When I first saw Framber Valdez, who the Rays will face in game one of American League Division Series, I thought of the Rays Jose Alvarado, because he throws a sinker with tremendous movement and a breaking ball with a big sweeping movement as well. You can think of Britton too. The curve ball on its own is similar to a left-handed version of Charlie Morton’s.
And here’s that hard low-80s sweeping curve:
The curve is extremely hard for its shape, but his sinker doesn’t match the speed of Alvarado or Britton. On the other hand, Valdez has much better command.
The Rays have never faced him. It is generally difficult to deal with a strange pitcher, and as a rare left-handed sinkerballer, Valdez qualifies. If you have to face a strange pitcher, It’s not a bad idea to think of similar pitchers and prepare for him. So should the Rays put a lot of RHBs in the lineup, just as they prepared them for Britton?
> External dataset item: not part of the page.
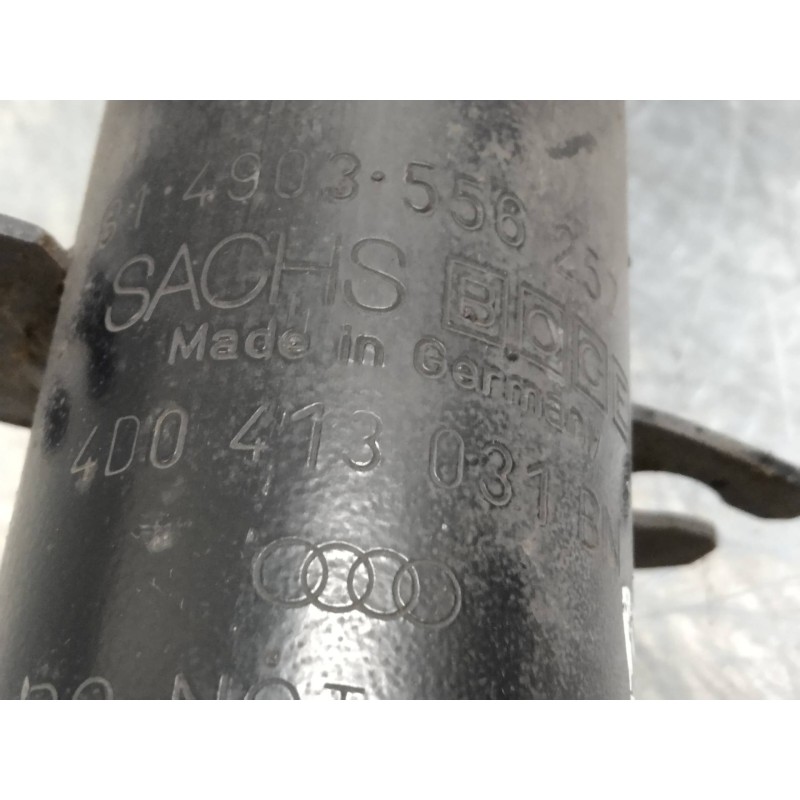 Recambio de amortiguador delantero derecho para audi a8 (d2) 4.2 v8 40v referencia OEM IAM 4D0413031BN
Not a bad idea. But there’s something to be careful about.
Don’t Pull the Ball
The result on pulled ground balls is bad throughout all of baseball, but it’s especially bad for right-handed batters when they hit ground balls against Valdez to shortstop or third base.
This what he’s going for, this is is plan, and he’s great at getting weak contact when hitters are out in front.
When Valdez paints the outside edge, which he will, the hitters have to hit his ball to opposite direction, like this:
Or like this:
The Oakland righties who faced him in the ALDS knew this, as they’d seen plenty of Valdez in the regular season. Those Oakland righties hit nine ground balls against him, four of which went the other way. The results were not good.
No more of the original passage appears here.